(Image-backed grounding data)
__________

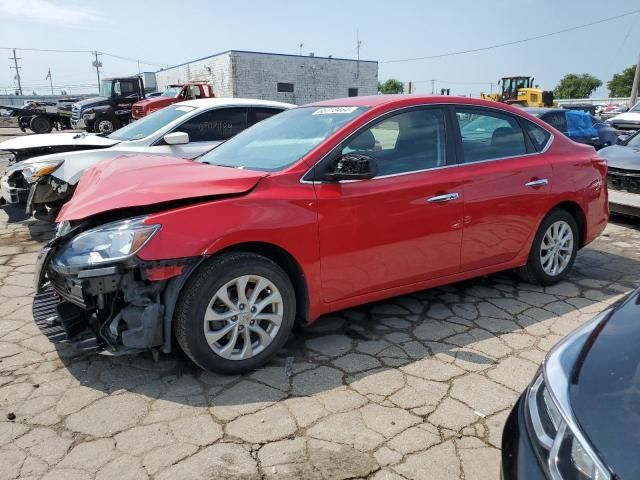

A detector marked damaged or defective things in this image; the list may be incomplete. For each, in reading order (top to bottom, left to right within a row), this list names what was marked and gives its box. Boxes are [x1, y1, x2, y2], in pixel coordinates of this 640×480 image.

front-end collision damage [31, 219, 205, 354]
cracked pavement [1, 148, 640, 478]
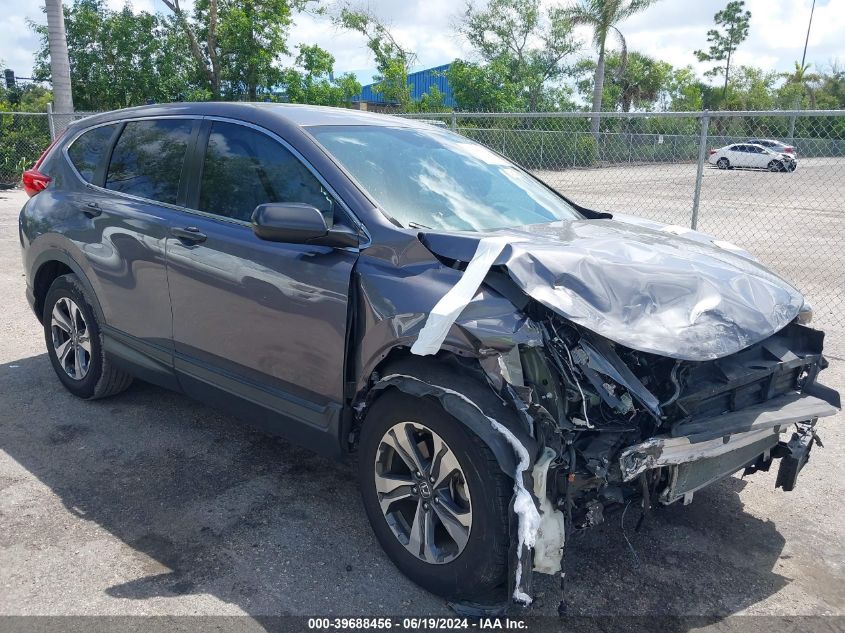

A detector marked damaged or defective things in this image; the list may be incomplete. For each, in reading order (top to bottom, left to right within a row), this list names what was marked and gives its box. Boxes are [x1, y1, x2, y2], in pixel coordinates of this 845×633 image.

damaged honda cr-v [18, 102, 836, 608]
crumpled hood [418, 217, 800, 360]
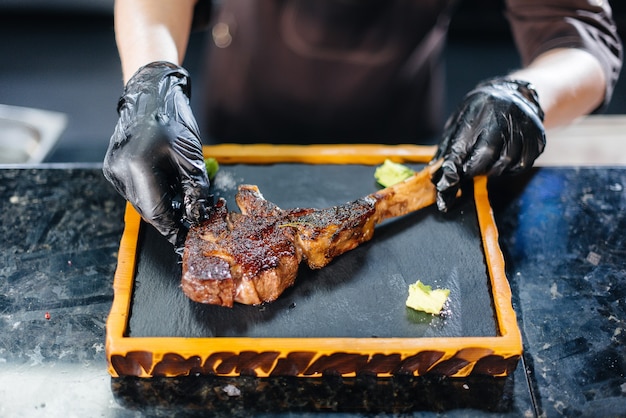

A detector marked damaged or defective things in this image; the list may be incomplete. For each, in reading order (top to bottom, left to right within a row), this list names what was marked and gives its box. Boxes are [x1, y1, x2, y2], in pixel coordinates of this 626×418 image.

__________

EXERCISE INSTRUCTIONS. All entries above must be repeated exactly; pictures are to be left out.

FINISHED TASK.
A detector marked damaged or defective things in this image; the list may be incomplete. For each, in reading order (top to bottom, left to right within a row), this list names what was marked and gives its box. Boxes are [x1, y1, x2, y2], in pixel coordinates of this 640×480 image.

front-end collision damage [31, 219, 205, 354]
cracked pavement [1, 148, 640, 478]

A detector marked damaged or defective things in this image; the list may be incomplete. For each, in reading order (top to bottom, left to right within a row), this list names what was marked and gives its box. Boxes are [x1, y1, x2, y2], in pixel coordinates of this 845×633 image.

damaged honda cr-v [18, 102, 836, 608]
crumpled hood [418, 217, 800, 360]

A detector marked damaged or defective things in this image; the list may be incomplete. For each, in reading order (top to bottom, left to right within a row), this list names what was marked and gives its box. Boxes are [x1, y1, x2, y2], in pixel coordinates of this 626×418 image.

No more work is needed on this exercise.